REQUIRED WORK: The data should be written out in full, exactly as it stands, and the pictures dropped.

(SOURCE MATERIAL)

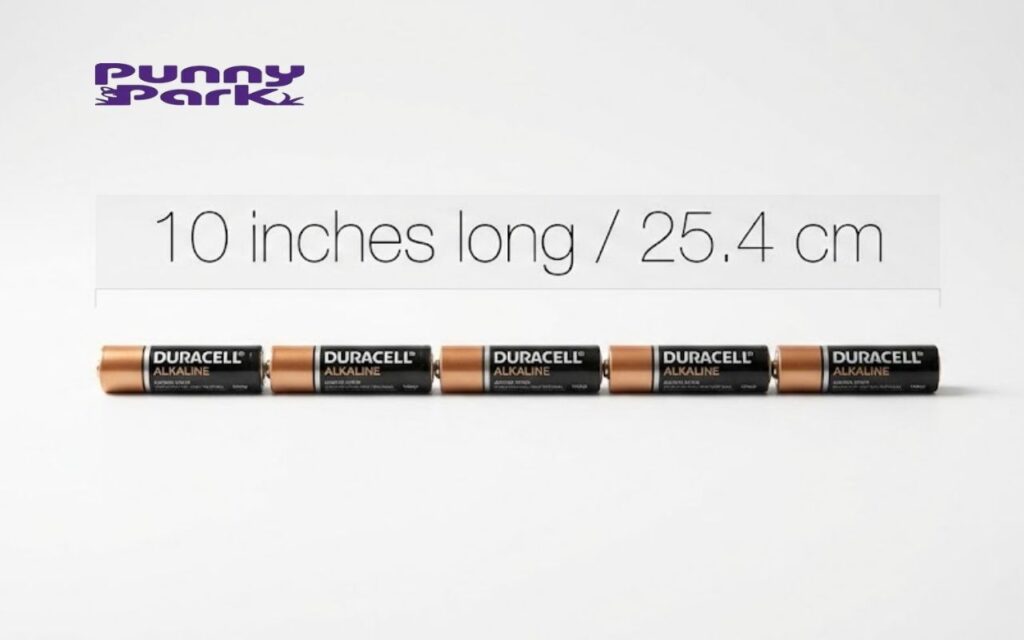 Five AA batteries aligned end to end horizontally, with a floating text reading "10 inches long / 25.4 cm".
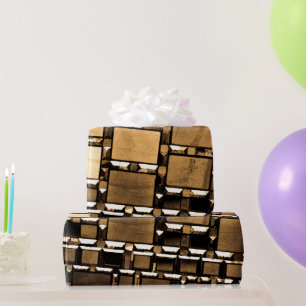 Papier Cadeau Miroirs Sepia géométriques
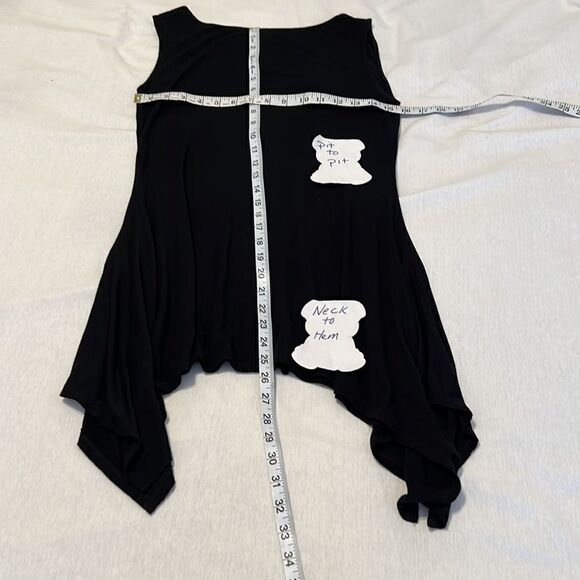 Bellini size S black tunic with silver embellishments drapey shark bit hem EUC - Picture 7 of 7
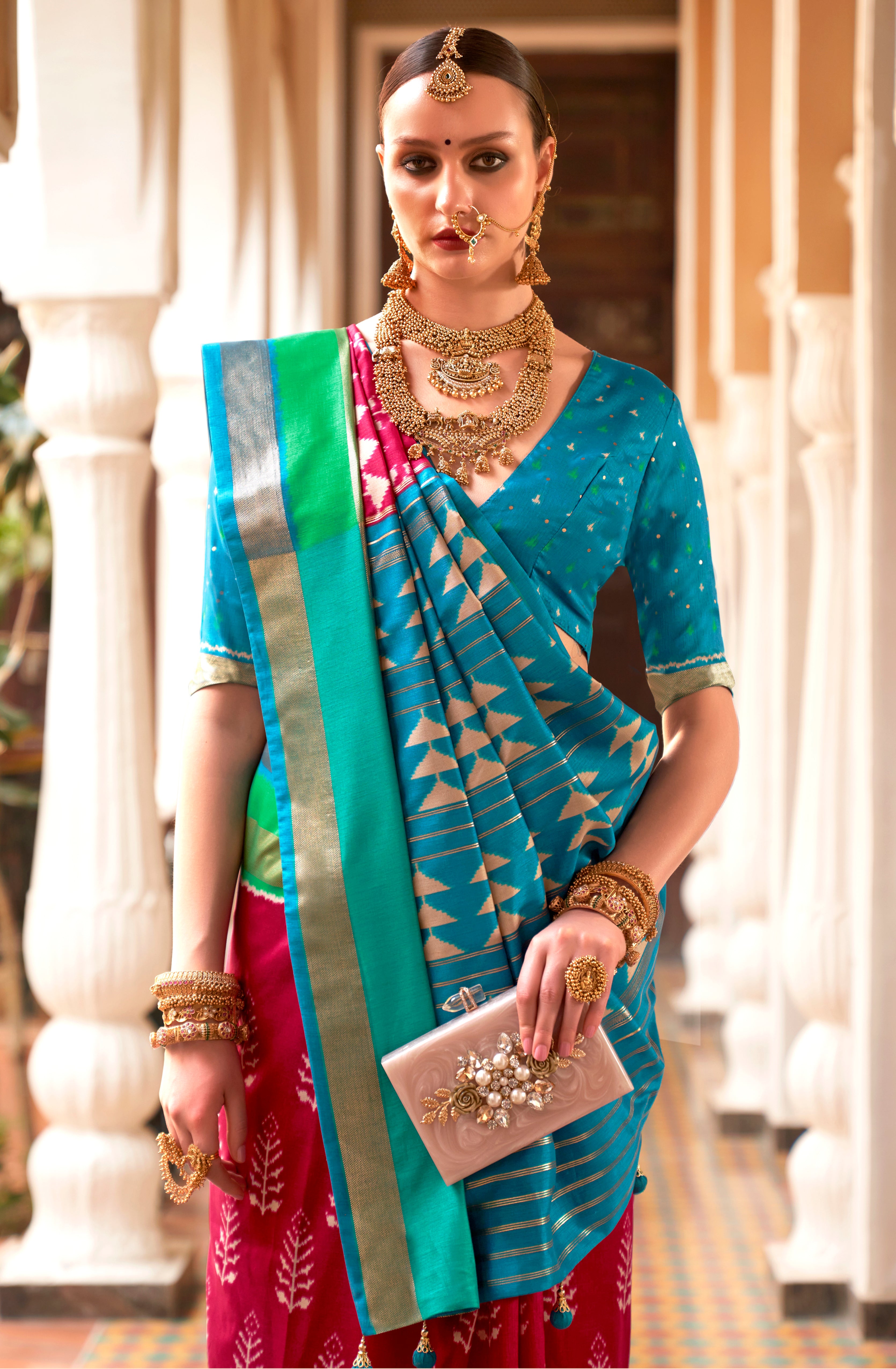 Rani Pink Patola Silk Saree with  Printed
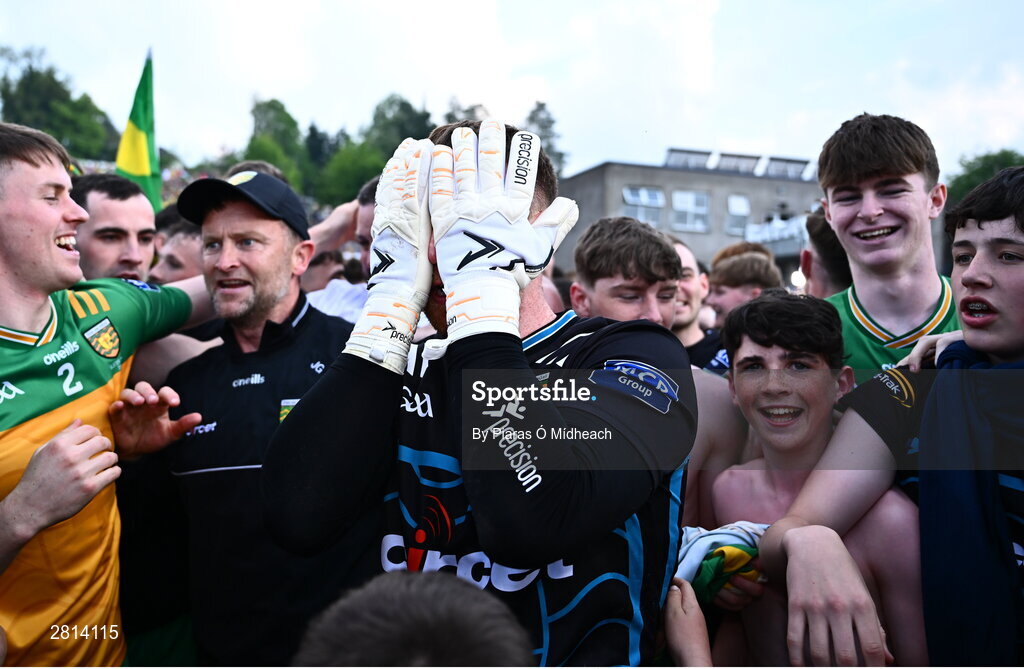 12 May 2024; Donegal goalkeeper Shaun Patton celebrates after saving the final penalty, from Shane McPartlan of Armagh, in the penalty shoot-out of the Ulster GAA Football Senior Championship final match between Armagh and Donegal at St Tiernach's Park in Clones, Monaghan. Photo by Piaras Ó Mídheach/Sportsfile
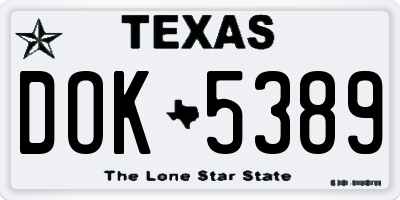 TX license plate DOK5389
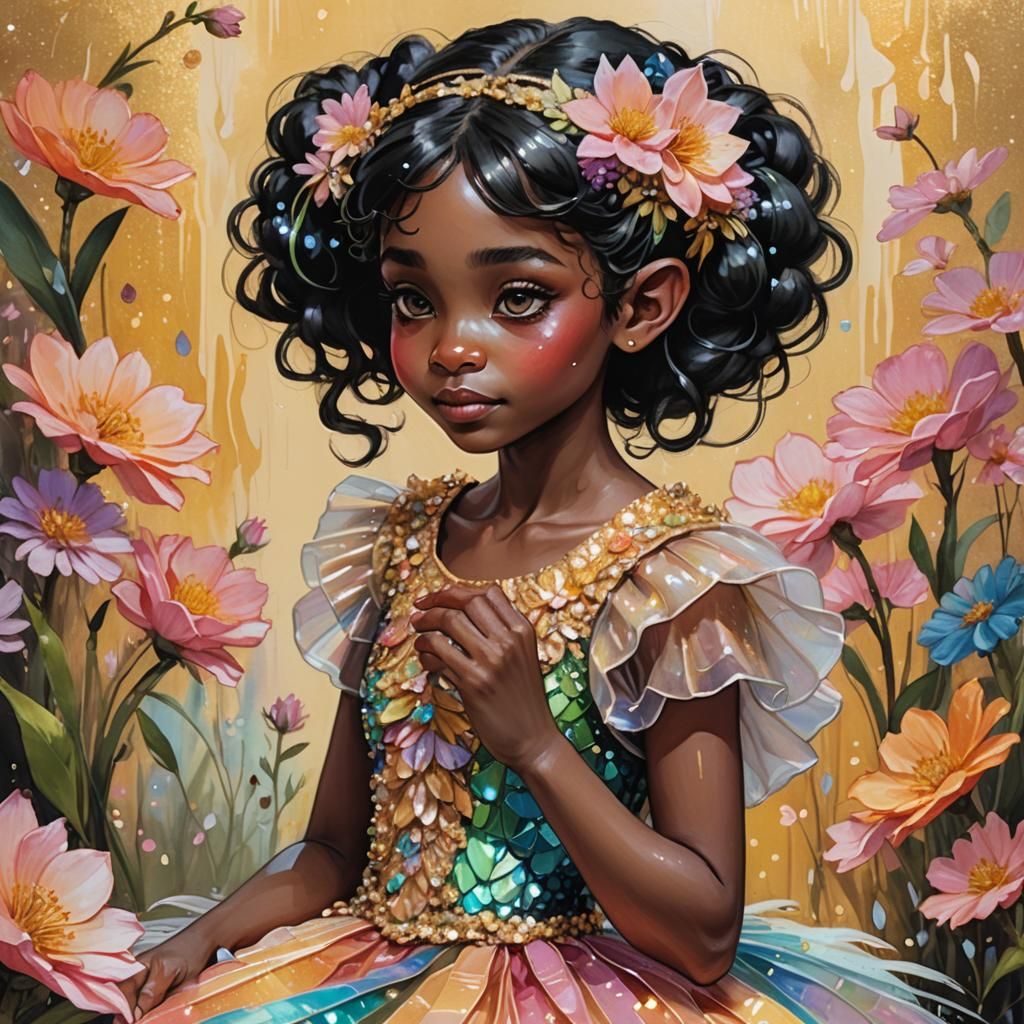 Magical Elf on Finger: Whimsical Oil and Ink Painting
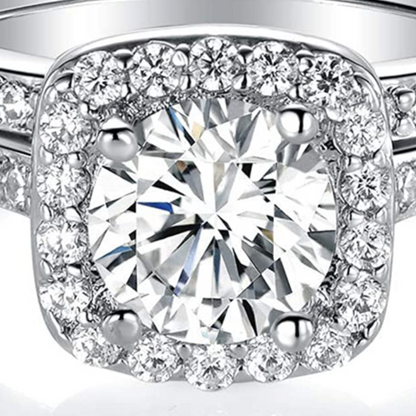 Women's 18K White Gold Plated CZ 2-In-1 Halo Eternity Ring 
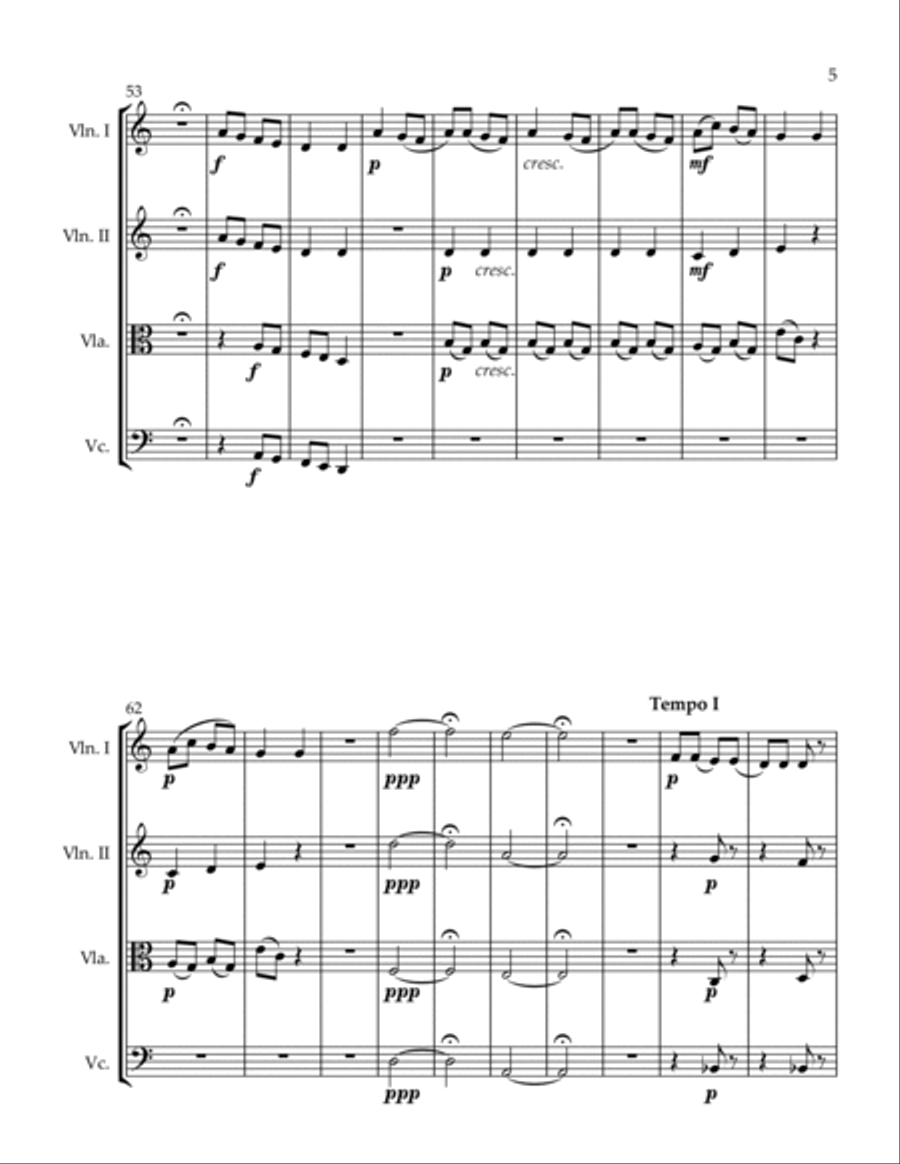 3 Quartets Flower Song My Gift To You To Cook a Goose String Quartet scores gallery preview page 5
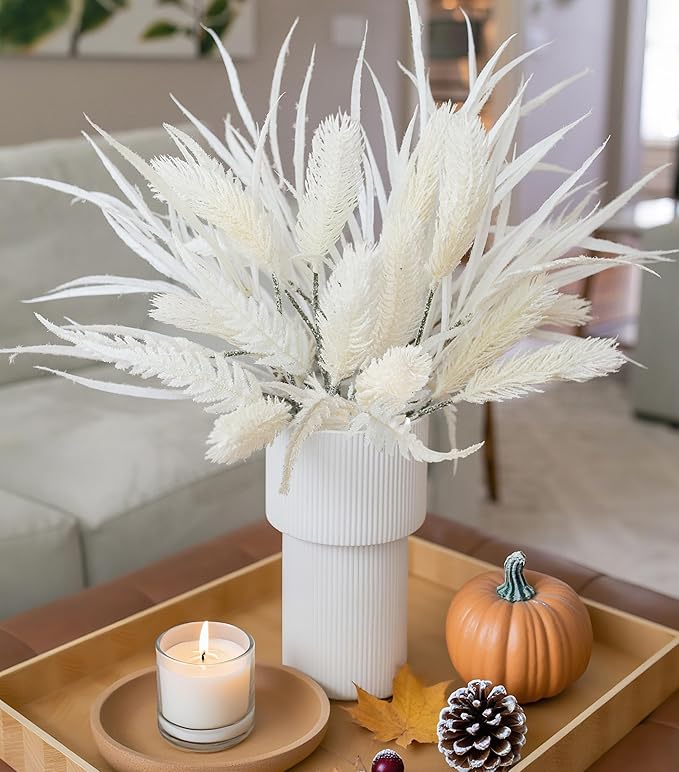 7 PCS Artificial Fall Stem Fake Plants, 26 in Fake Leaves Autumn Greenery Branches White Flowers Faux Foliage DIY Stems for Vase Thanksgiving Home Kitchen Office Indoor Centerpiece Table Decoration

(End SOURCE MATERIAL)

SOLUTION:
 Five AA batteries aligned end to end horizontally, with a floating text reading "10 inches long / 25.4 cm".
 Papier Cadeau Miroirs Sepia géométriques
 Bellini size S black tunic with silver embellishments drapey shark bit hem EUC - Picture 7 of 7
 Rani Pink Patola Silk Saree with  Printed
 12 May 2024; Donegal goalkeeper Shaun Patton celebrates after saving the final penalty, from Shane McPartlan of Armagh, in the penalty shoot-out of the Ulster GAA Football Senior Championship final match between Armagh and Donegal at St Tiernach's Park in Clones, Monaghan. Photo by Piaras Ó Mídheach/Sportsfile
 TX license plate DOK5389
 Magical Elf on Finger: Whimsical Oil and Ink Painting
 Women's 18K White Gold Plated CZ 2-In-1 Halo Eternity Ring 
 3 Quartets Flower Song My Gift To You To Cook a Goose String Quartet scores gallery preview page 5
 7 PCS Artificial Fall Stem Fake Plants, 26 in Fake Leaves Autumn Greenery Branches White Flowers Faux Foliage DIY Stems for Vase Thanksgiving Home Kitchen Office Indoor Centerpiece Table Decoration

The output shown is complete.